Oral Presentation Australian Society for Microbiology Annual Scientific Meeting 2023

Genomic markers of drug resistance in Mycobacterium tuberculosis populations with minority variants  (93853)

Xiaomei Zhang 1 2 , Connie Lam 2 3 , Elena Martinez 2 4 , Eby Sim 2 3 , Taryn Crighton 4 5 , Ben Marais 1 2 , Vitali Sintchenko 1 2 3 4
  1. Centre for Research Excellence in Tuberculosis (TB-CRE), Centenary Institute, Sydney, NEW SOUTH WALES, Australia
  2. Sydney Infectious Diseases Institute (Sydney ID), The University of Sydney, Sydney, New South Wales, Australia
  3. Centre for Infectious Diseases and Microbiology-Public Health, Westmead Hospital, Western Sydney Local Health District, Sydney, New South Wales, Australia
  4. Centre for Infectious Diseases and Microbiology-Laboratory Services, Westmead Hospital, Western Sydney Local Health District, Sydney, New South Wales, Australia
  5. NSW Mycobacterium Reference Laboratory, Centre for Infectious Diseases and Microbiology Laboratory Services, Institute of Clinical Pathology and Medical Research, NSW Health Pathology , Sydney, New South Wales, Australia

Minority variants of Mycobacterium tuberculosis harbouring mutations conferring resistance can become dominant populations during tuberculosis (TB) treatment, leading to treatment failure. Our understanding of  drug resistant within-host sub-populations and the frequency of resistance conferring mutations in minority variants remains limited.

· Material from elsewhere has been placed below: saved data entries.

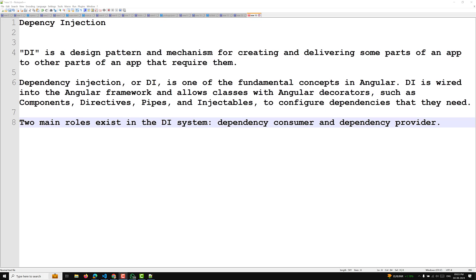Angular facilitates the interaction between the dependency consumer and the dependency providers using an abstraction called the injector. In order to have communication between the consumer and the dependency provider, it provides an abstraction called an injector. When a dependency is requested, the injector checks its registry to see if there is an instance already available.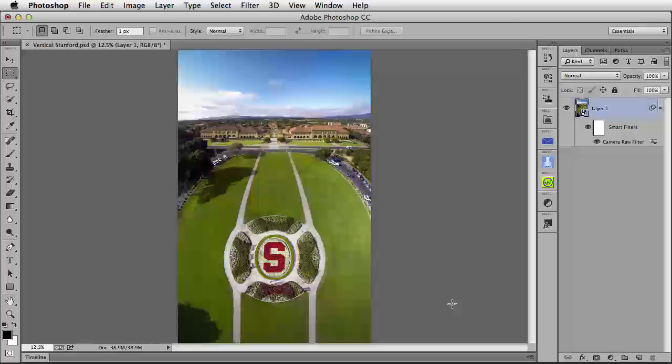This episode of the Russell Brown Show is all about creating a vertical panorama. The photos I'm using come from a GoPro Hero 3 Black Edition camera, and I've photographed them from the sky using a DJI Phantom Quadcopter.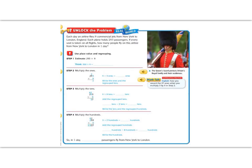Alright 5th graders, today's lesson should be a little bit of review. Today's lesson is to multiply by one digit numbers using a standard algorithm. So let's go ahead and begin with the unlock the problem.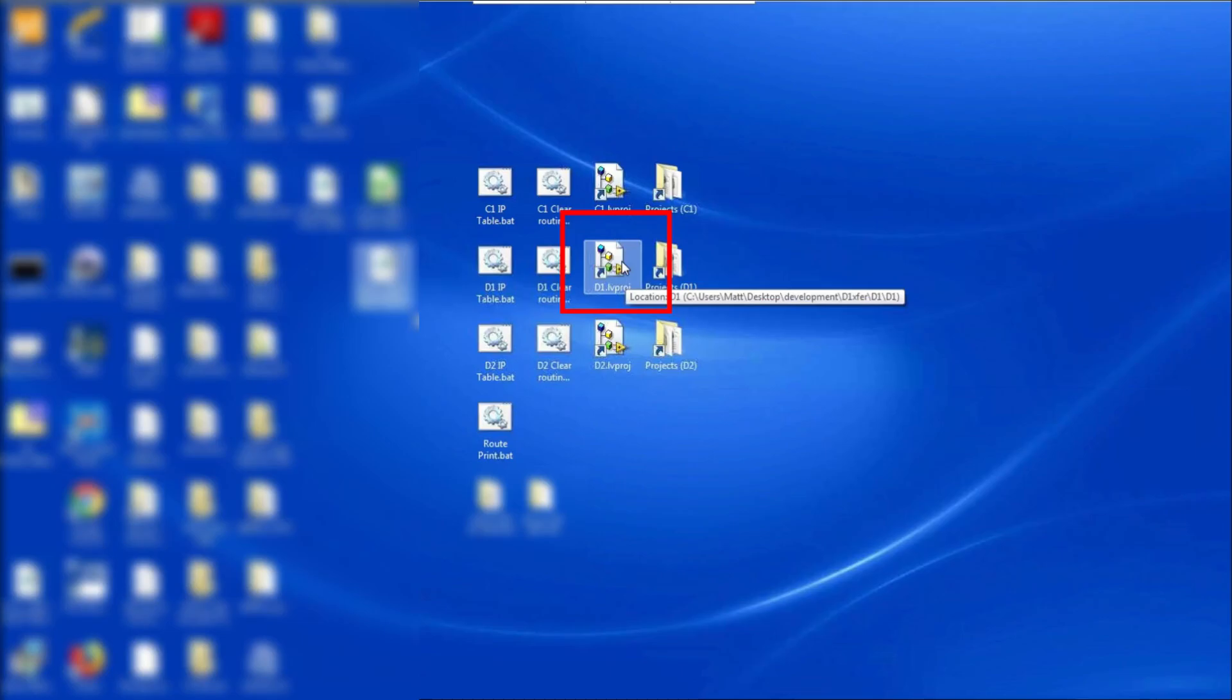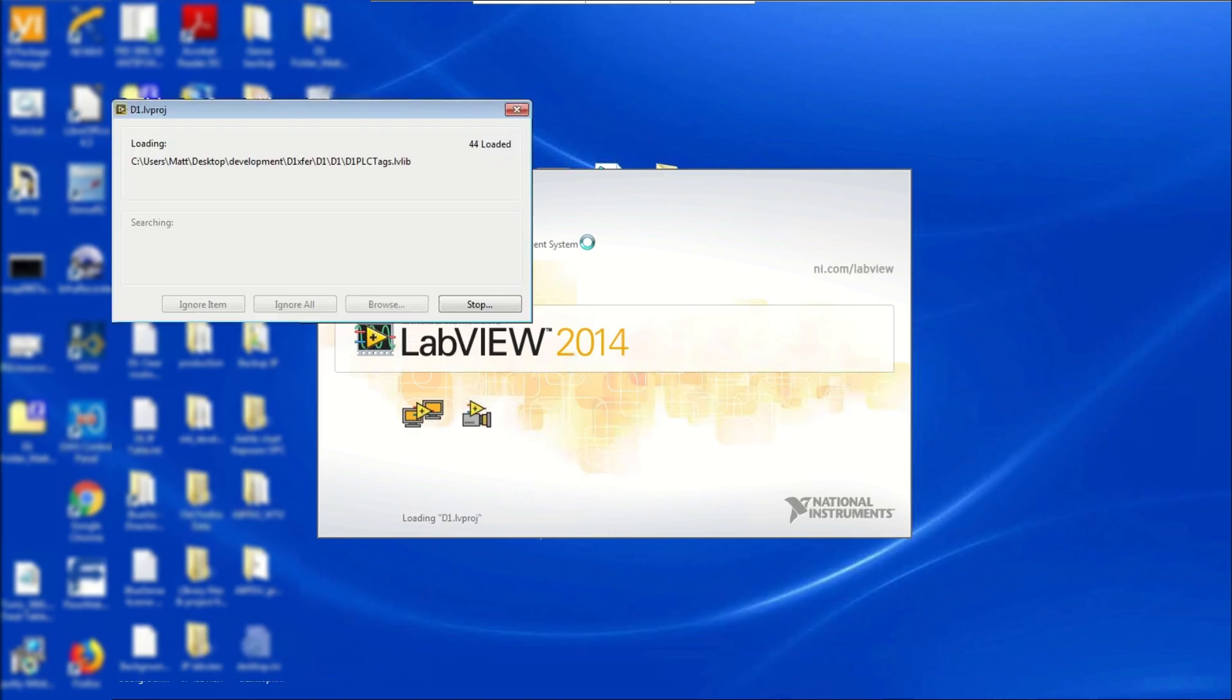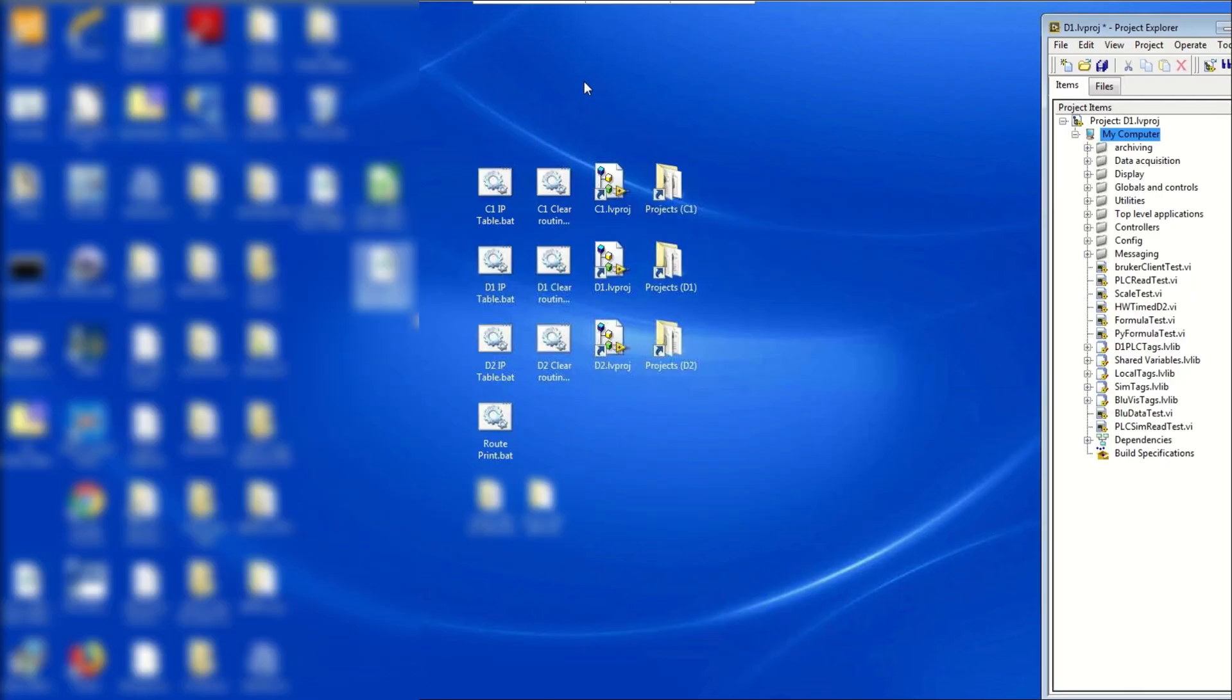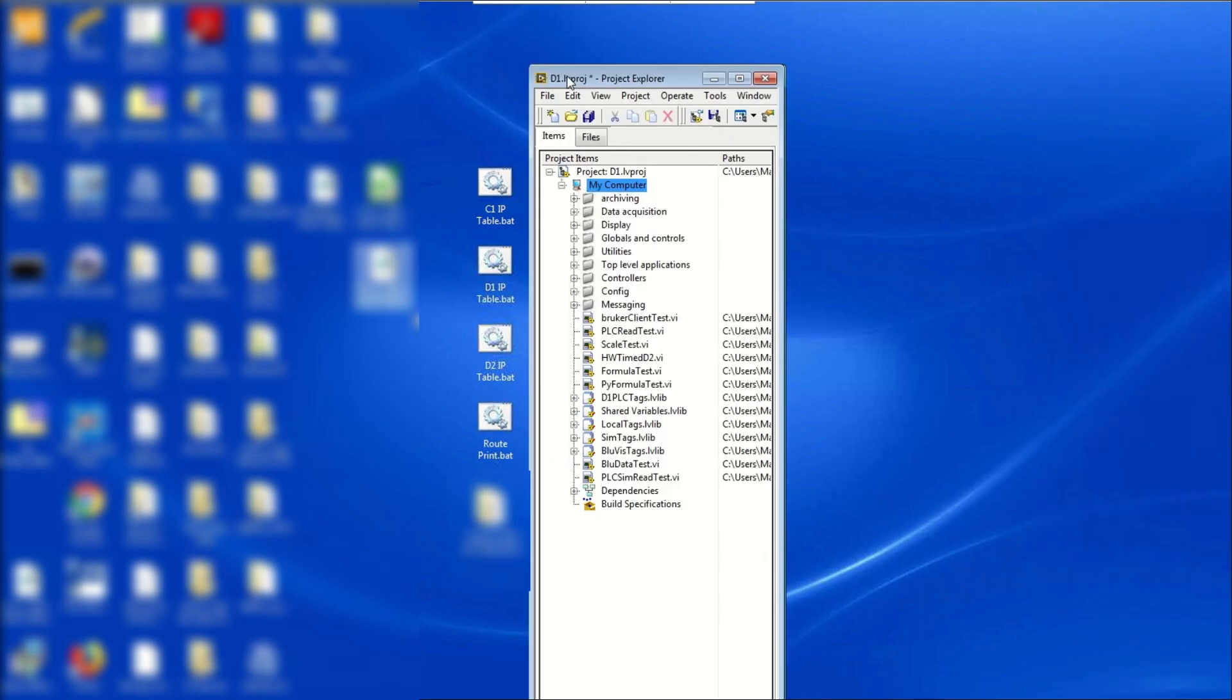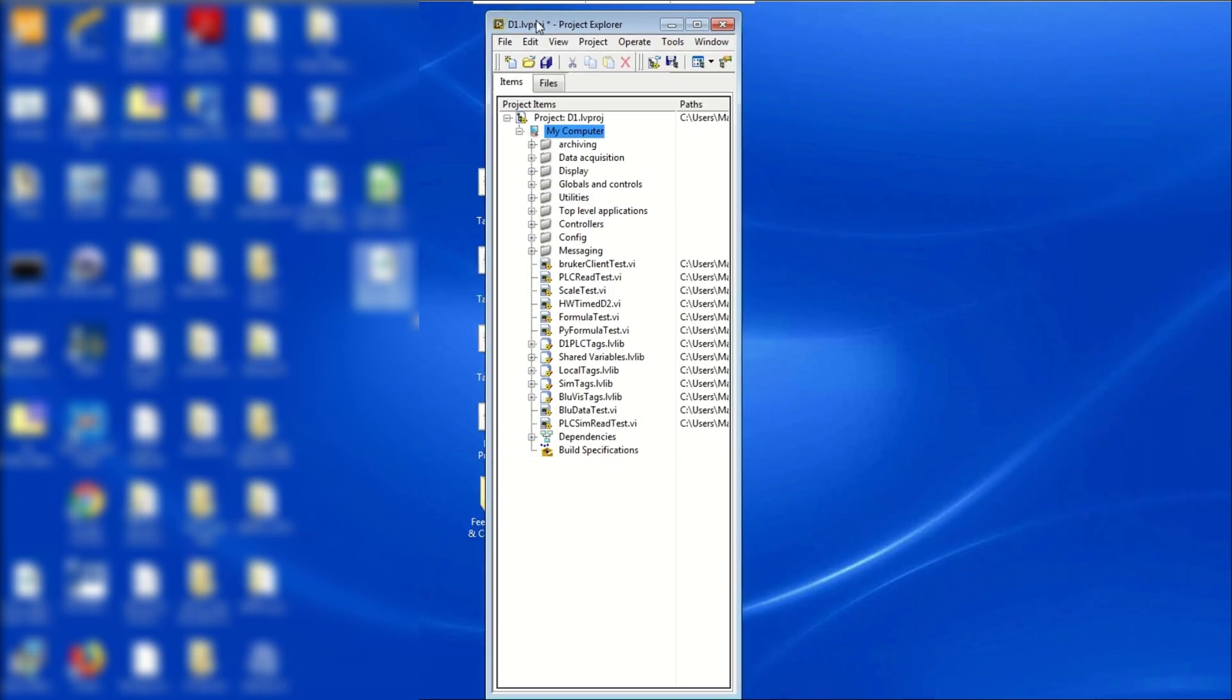Once the connection is established, double-click on D1.lvproj to open Project Explorer. A vertical rectangular folder will then appear. In this Project Explorer folder, deploy all 5 .lvlib files. These files are named D1.plc tags, shared variables, local tags, sim tags, and bluevis tags.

M. tuberculosis sequences recovered from liquid cultures of culture-confirmed TB cases notified between January 2017 and December 2021 in New South Wales, Australia were examined. Potential drug resistance conferring minority variants were identified using LoFreq, and mixed populations of different M. tuberculosis strains (>=100 SNPs apart) were examined using QuantTB.

A total of 1831 routinely sequenced M. tuberculosis strains were included in the analysis. Drug resistance conferring minority variants were detected in 3.5% (65/1831) of sequenced cultures; 84.6% (55/65) had majority strains that were drug susceptible and 15.4% (10/65) had majority strains that were drug resistant. Minority variants with high confidence drug resistance conferring mutations were 1.5 times more common when the majority strains were drug resistant. Mixed M. tuberculosis strain populations were documented in 10.0% (183/1831) of specimens. Minority variants with high confidence drug resistance conferring mutations were more frequently detected in mixed M. tuberculosis strain populations (2.7%, 5/183) than in single strain populations (0.6%, 10/1648; p=0.01)  .

Drug resistant minority variants require careful monitoring in settings that implement routine M. tuberculosis sequencing. The frequency with which drug resistant minority variants are detected is influenced by selective culture methods and culture-independent sequencing should provide a more accurate picture.